Convening to review first half year report, Estonia's Health Insurance Fund (HIF) is facing a budget deficit of €33m. They will fill the hole from the approximately €114m reserves of HIF but if the system continues the future is bleak as the fund is predicted to run out of the money in 2020.

While compiling the 2016 state budget, HIF was planned to be below zero by about 59m, planned to be covered from the reserves set aside during the better times.

Due to several factors, the minus ballooned to €33m in the first six months already. And this despite the fact that number of people on health insurance shrunk by 15,392 and social tax health insurance income exceeded predictions by €12.6m.  

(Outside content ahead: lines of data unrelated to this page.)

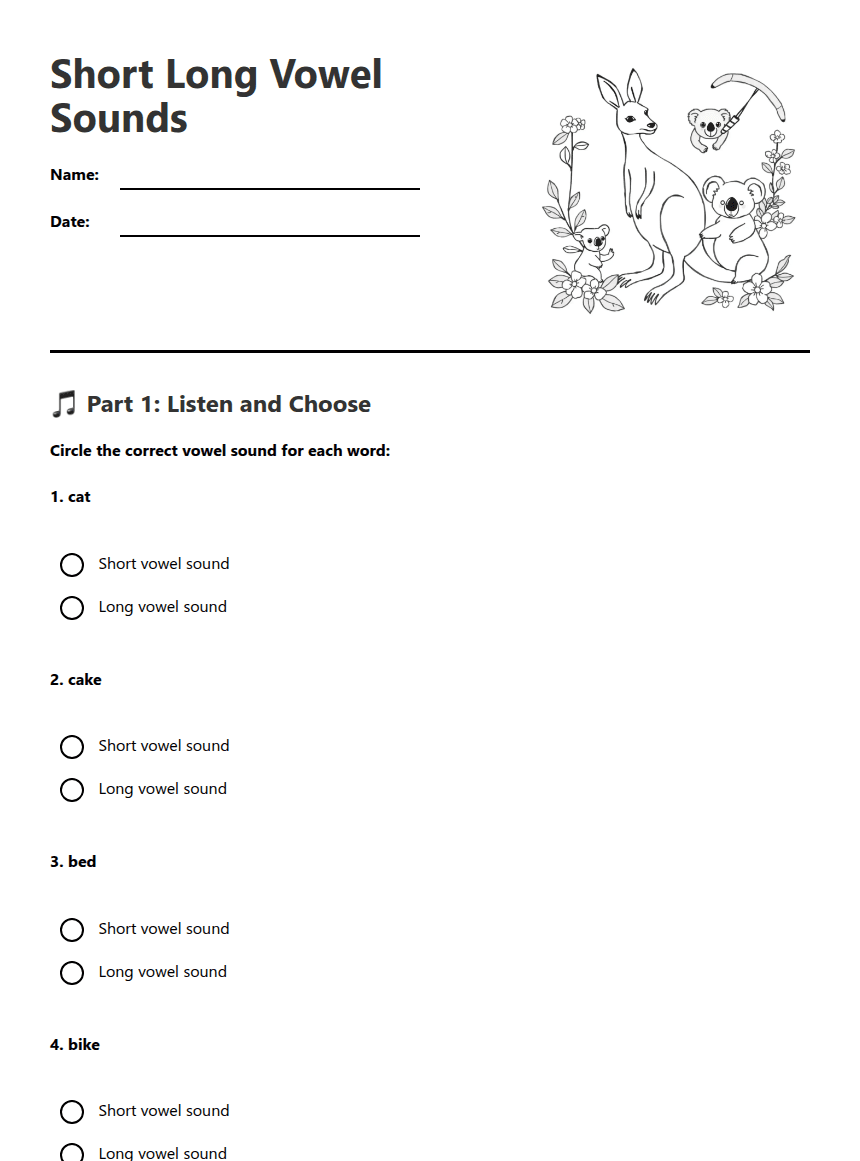 Short Long Vowel Sounds worksheet preview
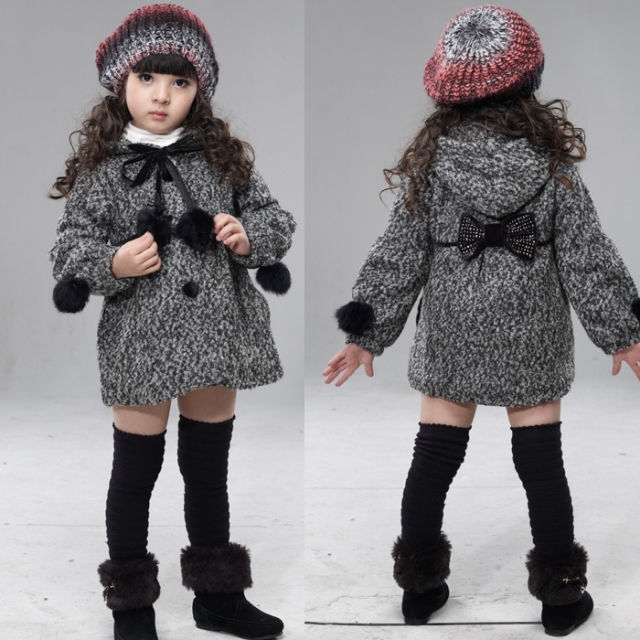 2012 autumn and winter children's clothing female child woolen overcoat female child outerwear children's clothing trench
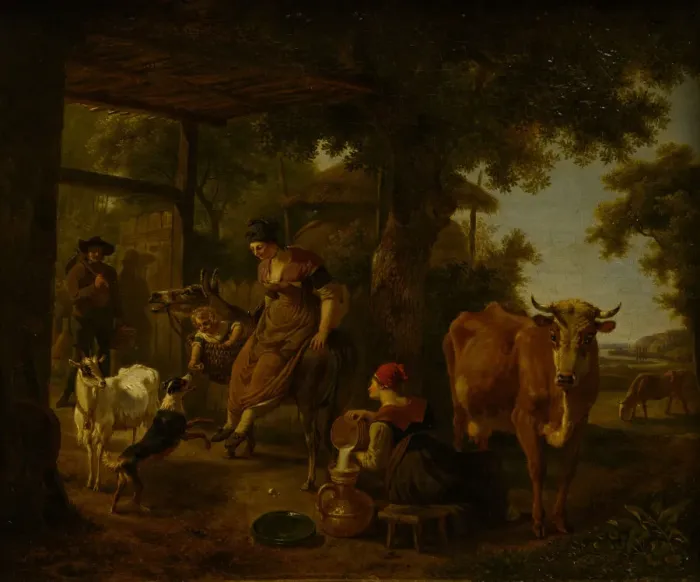 Framed Print : On the farm, A scene from rural life, Second Half of the 18th cen Framed Print : On the farm, A scene from rural life, Second Half of the 18th cen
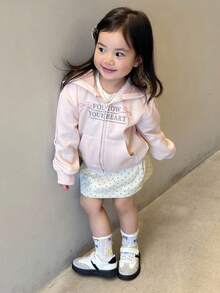 DAZY 女宝宝蝴蝶结刺绣连帽卫衣，休闲韩版长袖套头衫，秋冬 - 藕粉色 - 查看 4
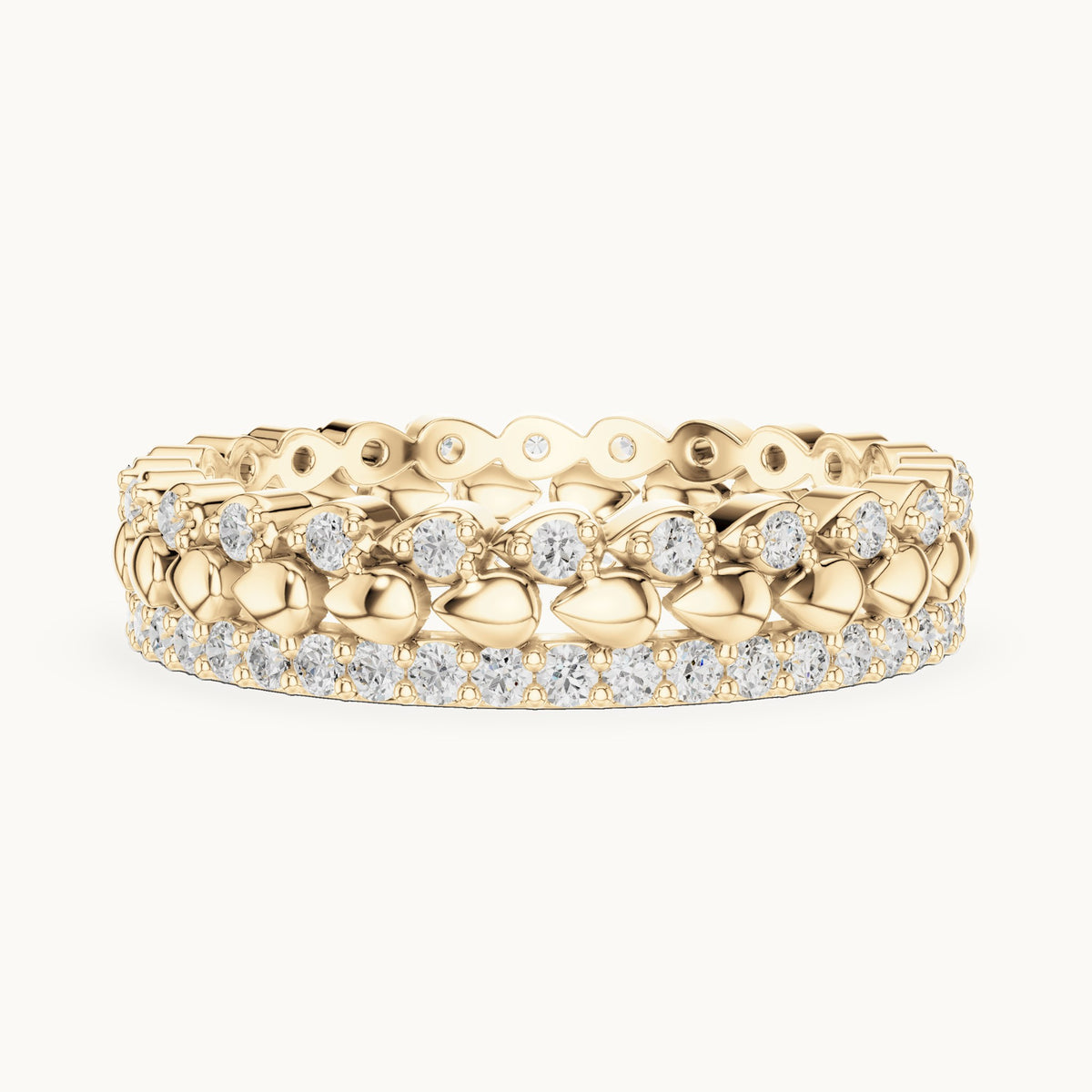 Round lab-grown diamond pavé full eternity band in yellow gold, 0.67 CT TW, view 3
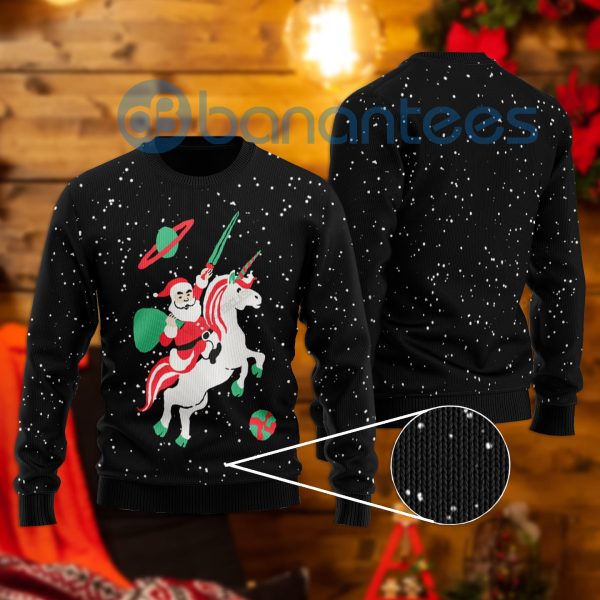 Santa Unicorn All Over Printed Ugly Christmas Sweaters Product Photo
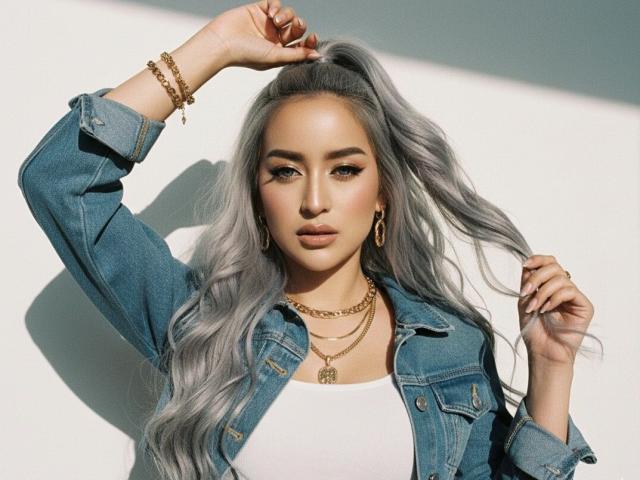 YourDreamGoddess has long, wavy silver hair, styled in a high ponytail. She wears a denim jacket over a white top, with gold jewelry including a chain necklace and hoop earrings. Her right arm is raised, touching her hair. She has light brown skin, full lips, and winged eyeliner. The light casts a shadow on the left side. The image is sharply focused with a soft, natural light. The composition highlights her confident, stylish look.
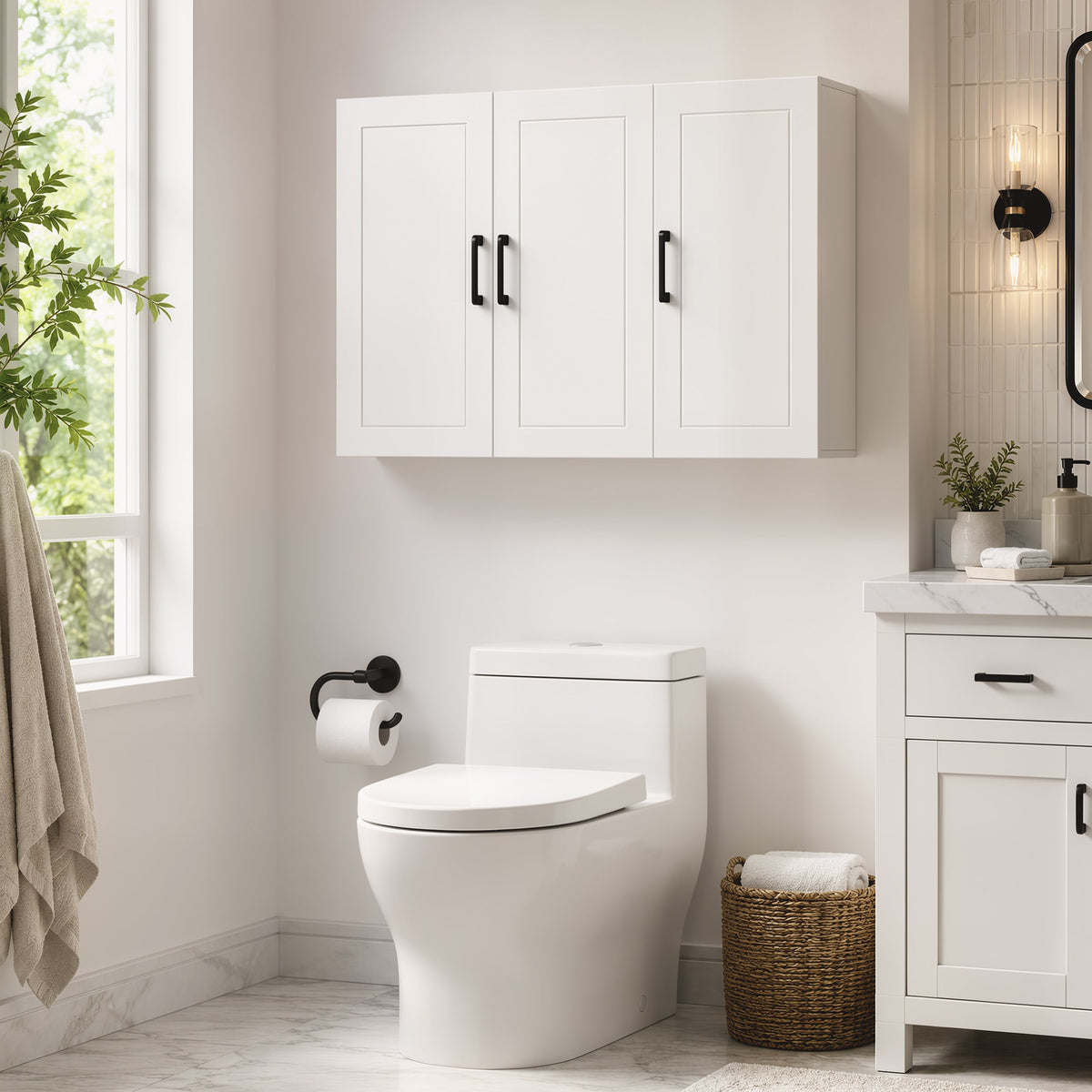 Bathroom Wall Cabinet, Wall Mounted Bathroom Cabinet, Over the Toilet Space Saver with Adjustable Shelves and Doors for Kitchen, White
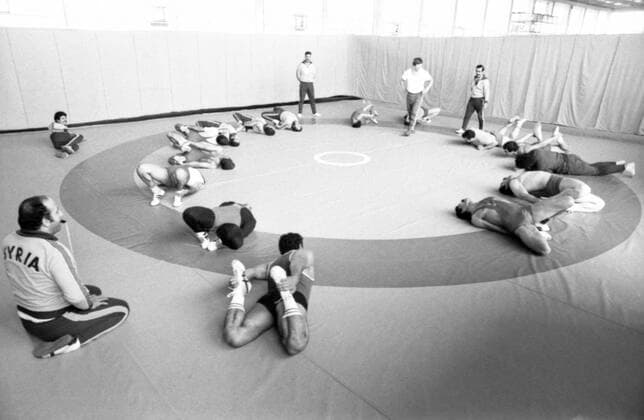 Olympic Village for 1980 Summer Olympic Games, Olympische Spiele, Olympia, OS 8202777 09.11.1980 The Olympic Village for the 1980 Summer Olympic Games. Wrestlers, members of the Syrian Olympic team during a workout. Moscow Russia  Copyright: xx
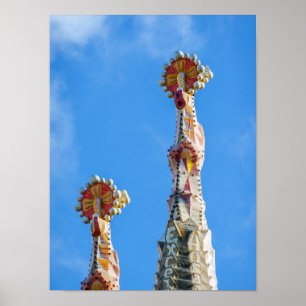 Affiche Flèches de la Sagrada Familia à Barcelone, Espagne
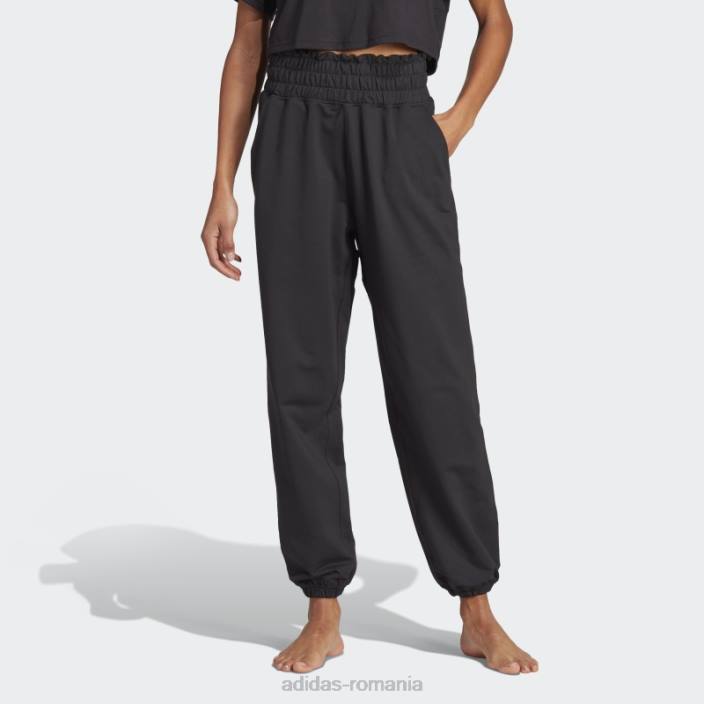 Adidas pantaloni negri yoga studio femei negru 2JBN16439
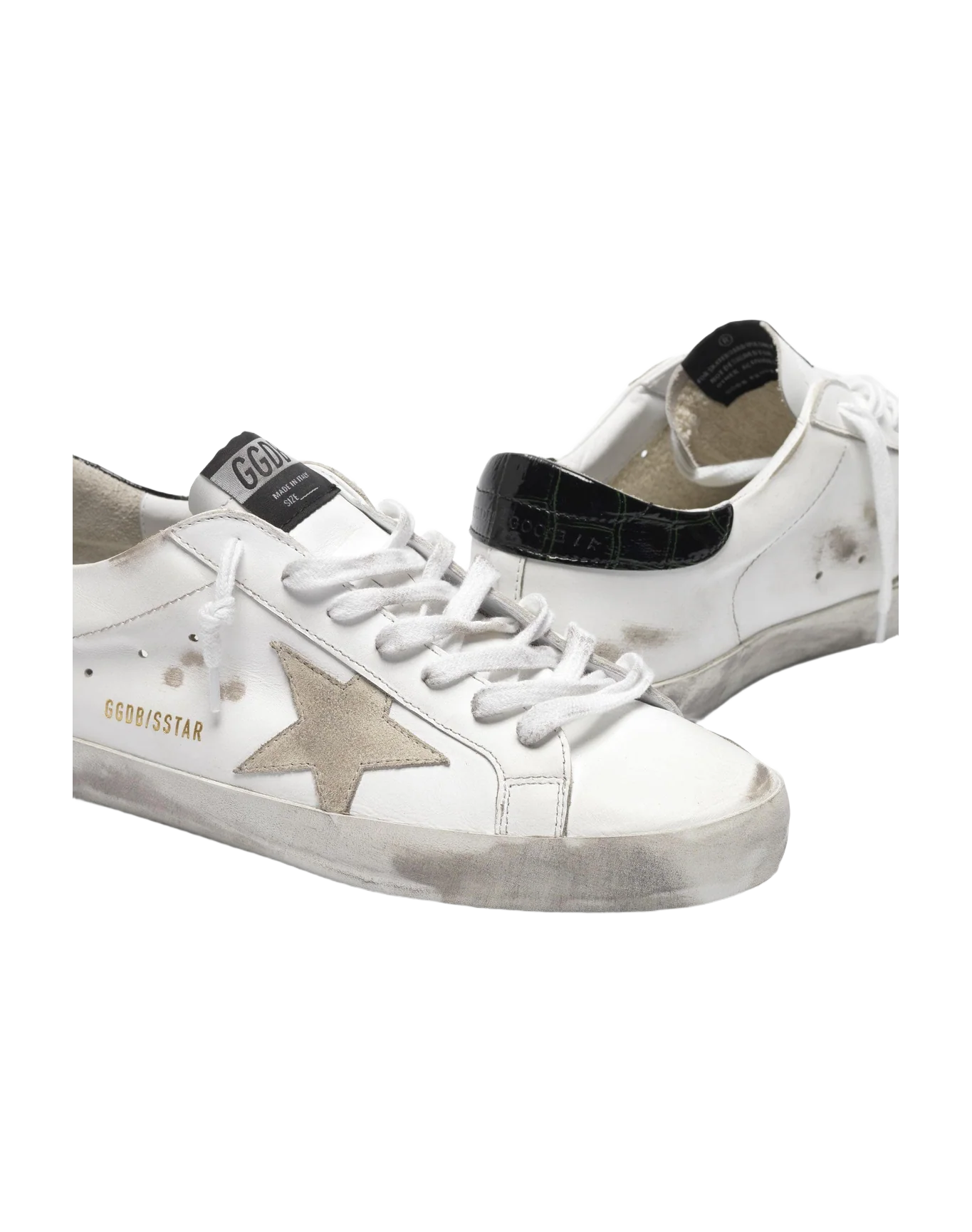 Men | White Super-Star Sneakers with Black Croc-Print Heel Tab - Image 4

The worst performer was benefit for medicinal products with extra spending of €11.25m. Of that about €8m was for a medicine to cure hepatitis C, compensated by HIF starting this year.   

The second major expense was medical specialists budget with its €8.29m. The third factor is work incapacity benefits at €7.14m with about 180,000 sick days added.

HIF council member and health minister Jevgeni Ossinovski pointed to the reserved of €114m while noting that everybody understands that extra money will be needed due to the ageing population.  

Meanwhile, a glance at the budget strategy approved at end of April proves otherwise. The document claims that in 2016 HIF ought to show surplus of €0.8m and in the red by €1.3m in 2017.

In reality, a €9.1m deficit was written into the state budget approved at the end of last year, and by this April even that was already exceeded.  

Mr Ossinovski admits he fails to comprehend the prediction by finance ministry this spring and is pessimistic regarding the next year’s planned deficit of €1.3m.

The only options he envisions is cutting volumes or allowing HIF to dig deeper into the reserve. «The first option is out of the question, regarding the latter we will need to agree in the government,» said Mr Ossinovski.